Web page caption snippets:
···

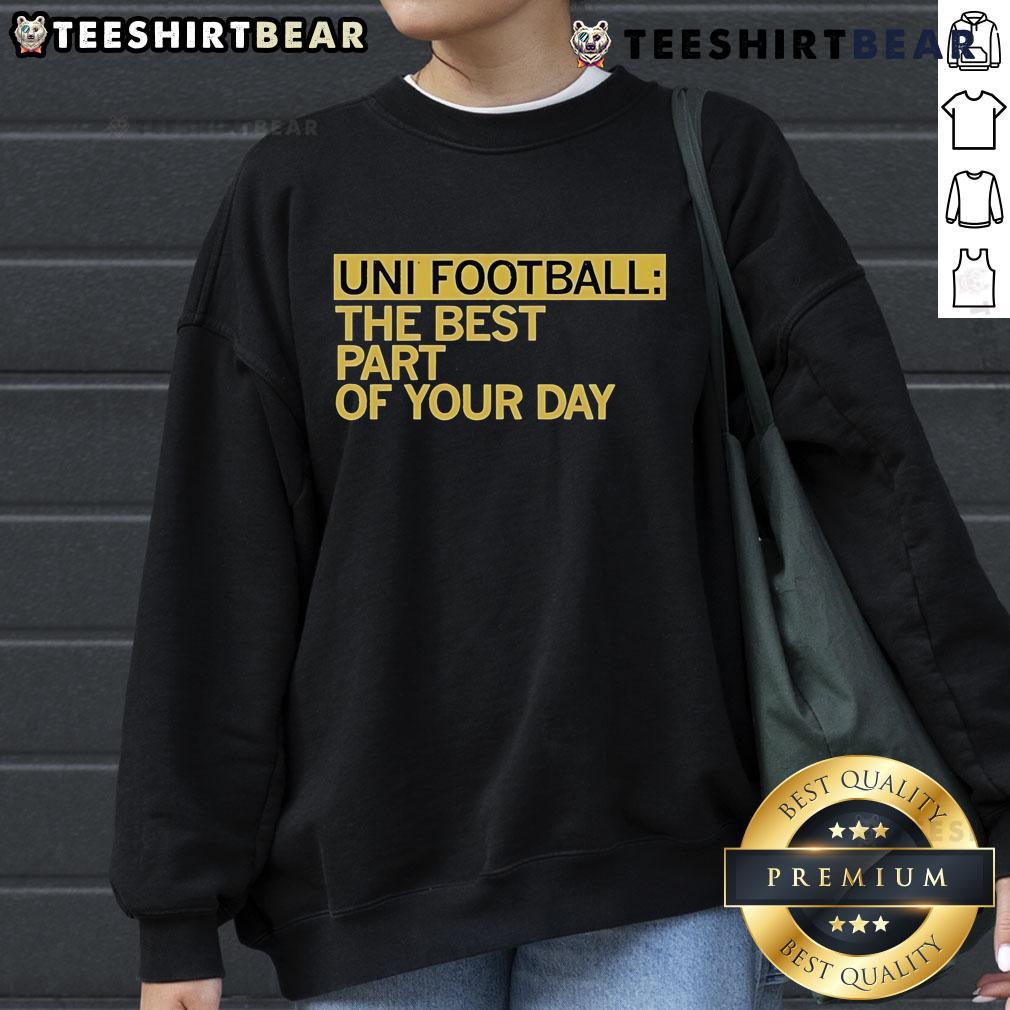 Alt Text: Cozy Top UNI Football sweatshirt, perfect for game day and the best part of your day, featuring vibrant team colors.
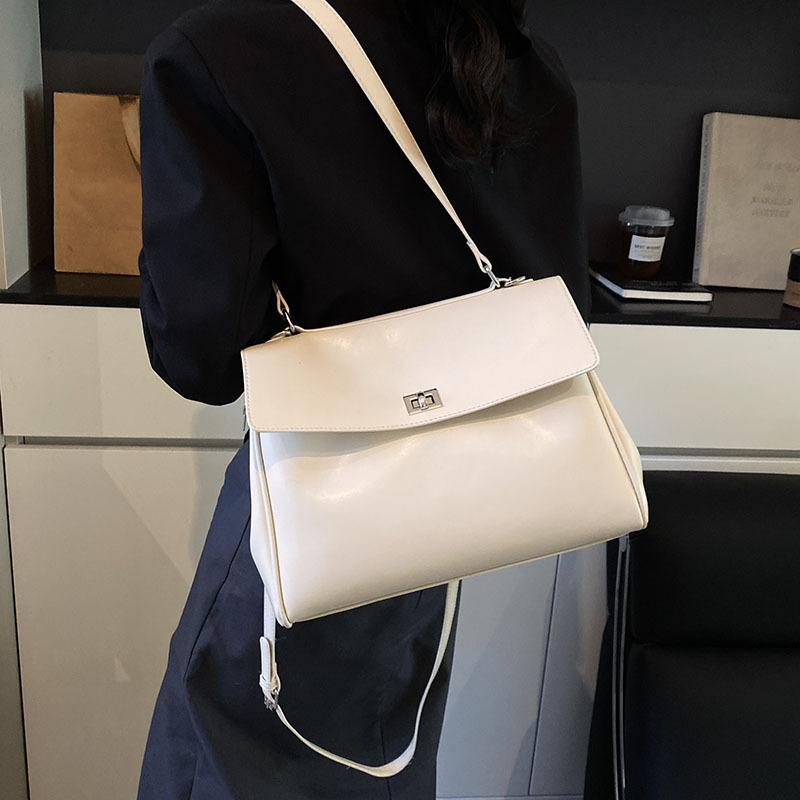 High-end large-capacity bag for women, 2025 new commuter single-shoulder crossbody bag, fashionable single-shoulder hand-held tote bag full figure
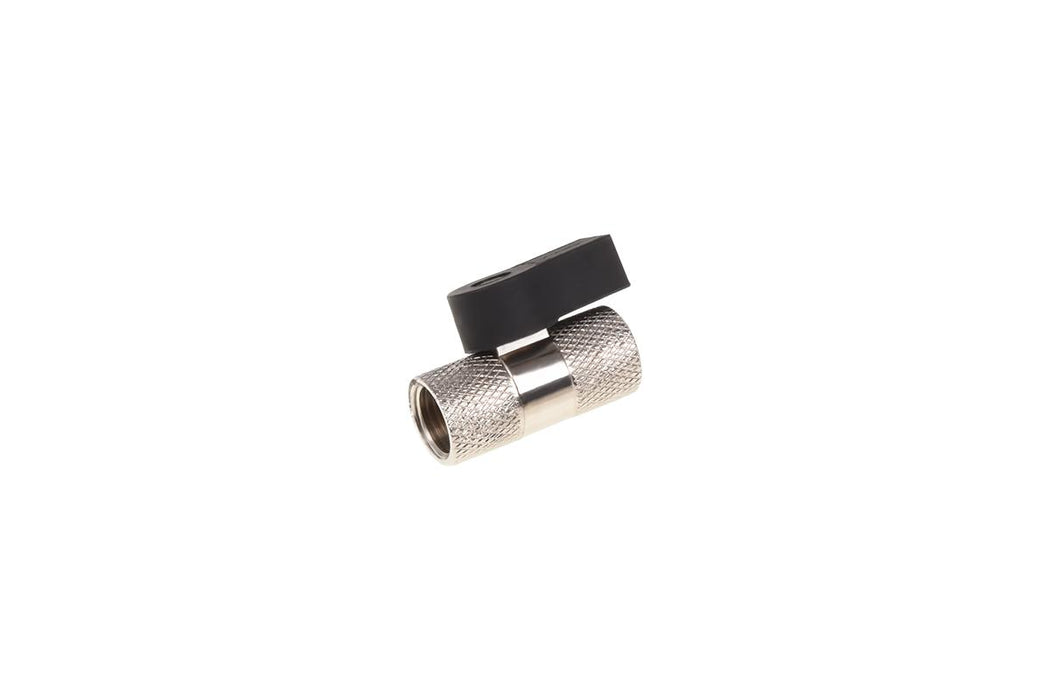 Alphacool Eiszapfen ball valve, Two-way, G1/4, Silver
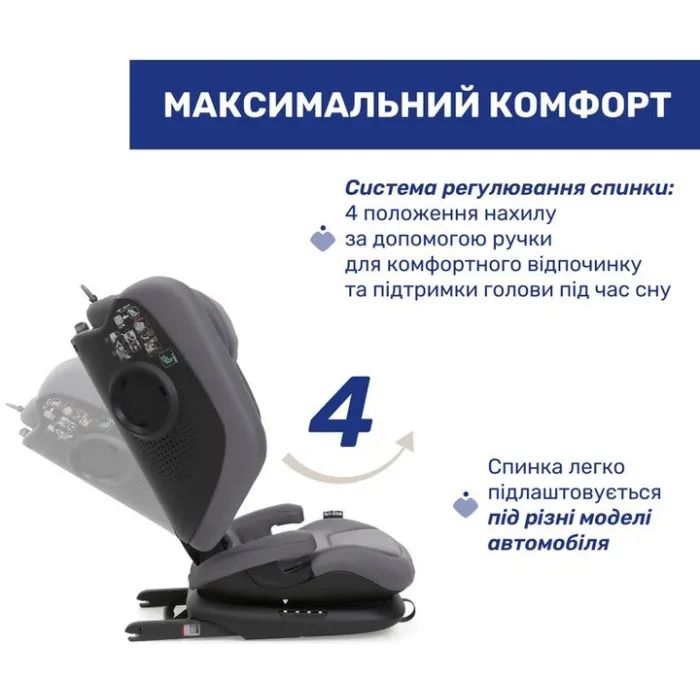 Автокресло Chicco Fold & Go S i-Size бустер (87117.33) изображение 6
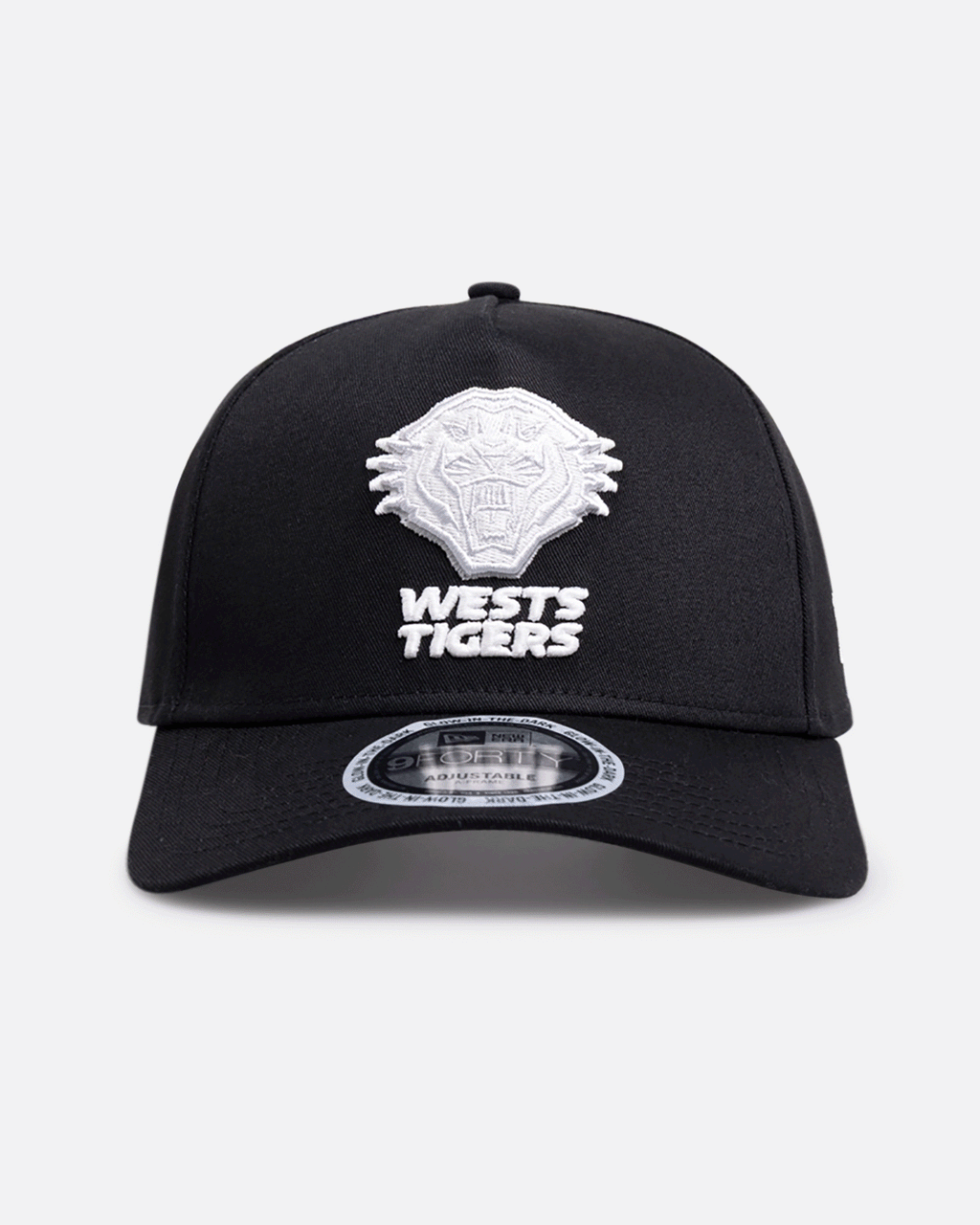 New Era Wests Tigers 'NRL Glow In The Dark' 9FORTY A-Frame Snapback Black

···

* **Action item**
Write out exactly, and nothing more than, the lines of the entries above from the line containing "Alphacool Eiszapfen ball" through the final line; omit any pictures.

* **Response for this exercise**
 Alphacool Eiszapfen ball valve, Two-way, G1/4, Silver
 Автокресло Chicco Fold & Go S i-Size бустер (87117.33) изображение 6
 New Era Wests Tigers 'NRL Glow In The Dark' 9FORTY A-Frame Snapback Black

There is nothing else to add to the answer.